ウェルシュ菌のゲノム解析の結果では、複数のhypothetical hyaluronidase遺伝子が報告されているが、実際の発現パターンやそれら酵素の機能的差異などについては不明である。既に報告されているヒアルロニダーゼとの相同性が高いNagH遺伝子がヒアルロニダーゼの構造遺伝子であると推測されていたが、単離したNagHはN-アセチルグルコサミダーゼ活性は示すものの、ヒアルロン酸分解活性は検出できなかった。そこで、ウェルシュ菌がヒアルロニダーゼを発現していることを確認するため寒天培地上でヒアルロニダーゼ活性の試験を行い、菌株によって発現量に違いがあることを見いだした。さらに、ザイモグラフィを行った結果、ウェルシュ菌は複数のヒアルロニダーゼを発現し、菌株によりその発現量も多様性を示すことを明らかにした。
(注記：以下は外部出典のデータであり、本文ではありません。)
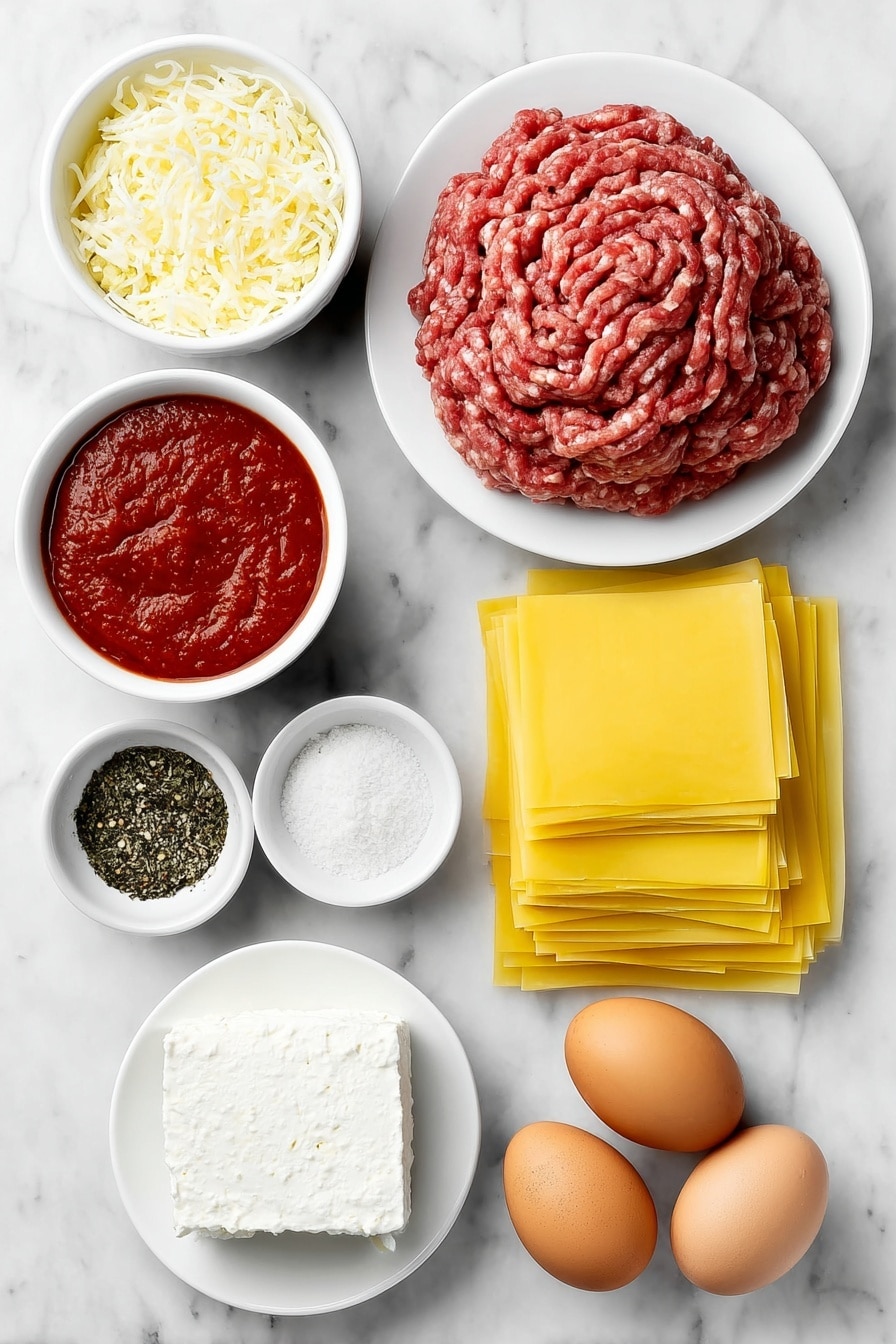Easy No-Boil Lasagna Recipe - Ingredients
ウェルシュ菌の培養上清についてヒアルロニダーゼ活性を指標として部分精製することにより、NagH遺伝子とは別個のヒアルロニダーゼの構造遺伝子を同定することに成功した。
また、2007年5月のセミナーで解説する機会が与えられたSPPシステムについても最近のデータと合わせて改めて紹介したい。
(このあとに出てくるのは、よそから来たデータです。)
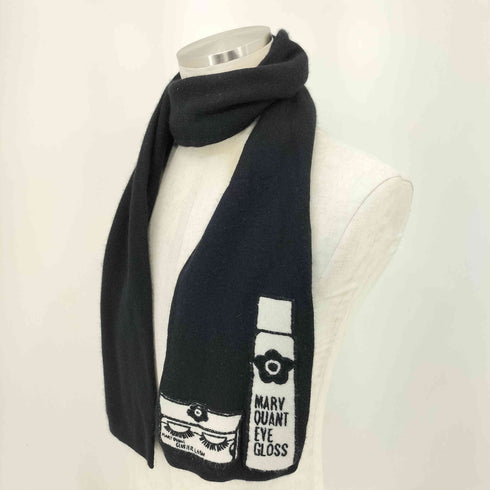 マリークワント MARY QUANT LONDON ロゴワッペン マフラー レディース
2010年3月11日 (木) 15時ー17時 理学部3号館11番教室 分子生物学科セミナー
演者: Professor Abraham H. Parola (Dept of Chemistry, Ben-Gurion University of the Negev, Israel)
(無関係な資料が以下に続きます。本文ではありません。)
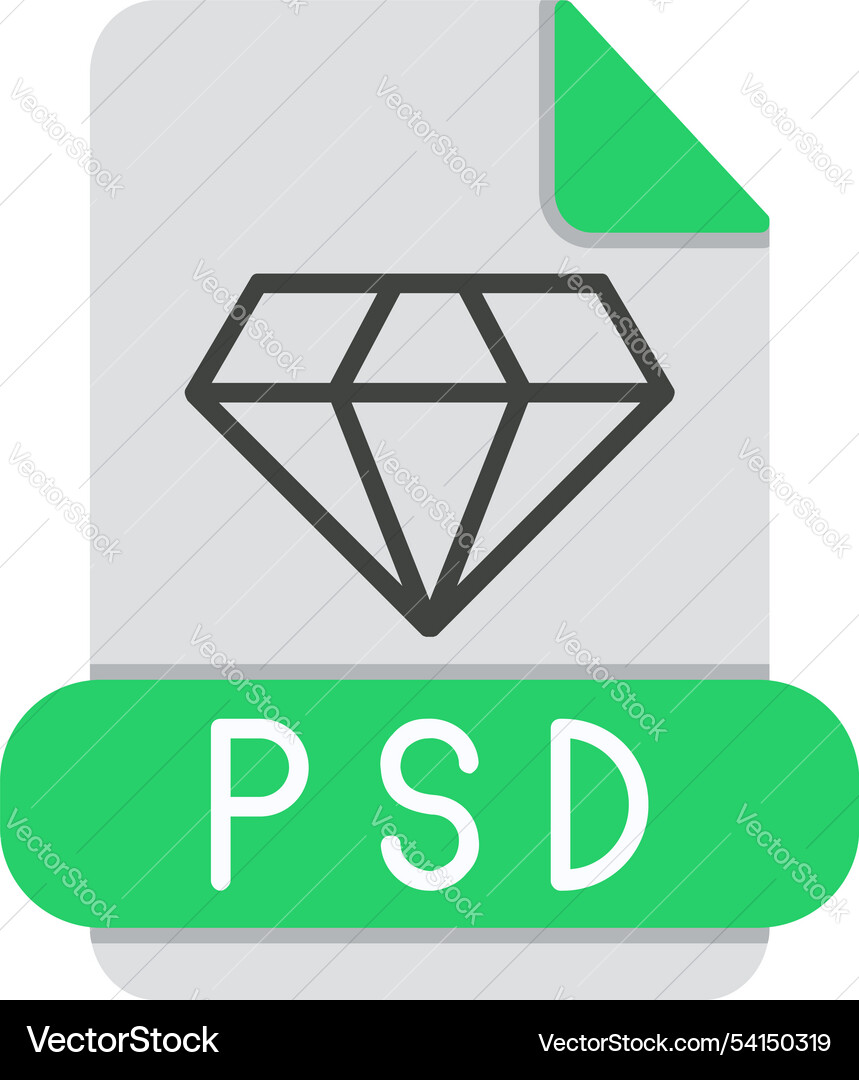 Psd flat icon design Royalty Free Vector Image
題目: MEMBRANE-CATALYZED NUCLEOTIDE EXCHANGE ON DnaA
DnaA is the initiator protein for chromosomal replication in bacteria; its activity plays a central role in the timing of the primary initiations within the Escherichia coli cell cycle. A controlled, reversible conversion between the active ATP-DnaA and the inactive ADP forms modulates this activity. In a DNA-dependent manner, bound ATP is hydrolyzed to ADP. Acidic phospholipids with unsaturated fatty acids are capable of reactivating ADP-DnaA by promoting the release of the tightly bound ADP. The nucleotide dissociation kinetics, measured in here with the fluorescent derivative 3'-O-(N-methylantraniloyl)-5'-adenosine triphosphate, was dependent on the DnaA's density on the membrane in a cooperative manner: it increased fivefold with decreased protein density. At all surface densities the nucleotide was completely released, presumably due to protein exchange on the membrane. Distinct temperature dependences and the effect of the crowding agent ficoll suggest that two functional states of DnaA exist at high and low membrane occupancy, ascribed to local macromolecular crowding on the membrane surface. These novel phenomena are thought to play a major role in the mechanism regulating the initiation of chromosomal replication in bacteria.